Recursion-tree method:

                 1. Count the height

          2.  Count the leaves.

          3. Total: level by level

The master method:

          The master method applies to recurrences of the form T(n) = aT(n/b) + f (n), where a ≥ 1, b > 1, and f is asymptotically positive.

          Method:Compare f (n) with n^log(b)a:

          case1:  f(n) = O(n^[log(b)a – ε]) for some constant ε > 0.
                      Explain: f(n) grows polynomially slower than n^log(b)a (by an n^ε factor).
                      Solution: T(n) = Θ(n^log(b)a) .

                      Ex: T(n)=4T(n/2)+n    ----------   a=4,b=2,f(n)=n.

                            n^log(b)a=n^2,  f(n)=n=O(n^2),   So the T(n)=Θ(n^2)

          case2:   f(n) = Θ(n^log(b)a*(lgn)^k) for some constant k ≥ 0.

                        Explain: f(n) and n^log(b)a grow at similar rates.

                        Solution: T(n) = Θ(n^log(b)a*(lgn)^(k+1)).

                        Ex: T(n)=4T(n/2)+n^2 ---------- a=4,b=2,f(n)=n^2.

                              n^log(b)a=n^2, f(n)=n^2=Θ(n^2*(lgn)^0), So the T(n)=Θ(n^2*lgn)

           case3:  f(n) = Ω(n^[log(b)a + ε]) for some constant ε > 0.

                        and f(n) satisfies the regularity condition that af(n/b) ≤ cf(n) for some constant c < 1.

                        (Under this condition, it can make sure that the  consts decrease geometrically, Dominate: f(n))

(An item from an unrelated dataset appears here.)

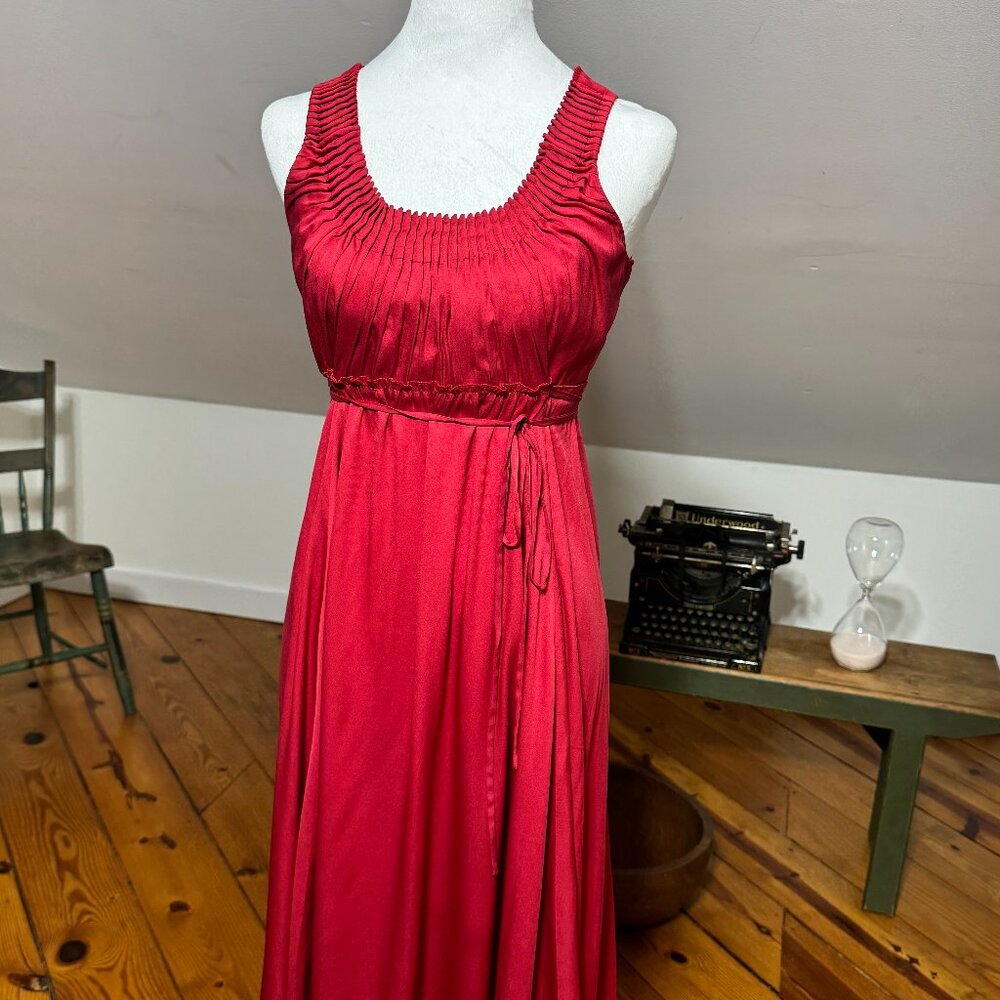 Elie Tahari Ruby Red Silk Dress size small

                        Explain: f(n) grows polynomially faster than nlogba (by an n^ε factor),

                                        Solution: T(n) = Θ(f (n)) .

                        Ex:  T(n)=4T(n/2)+n^3 ---------- a=4,b=2,f(n)=n^3.

                               n^log(b)a=n^2, f(n)=n^3=Ω(n^2), So the T(n)=Θ(n^3)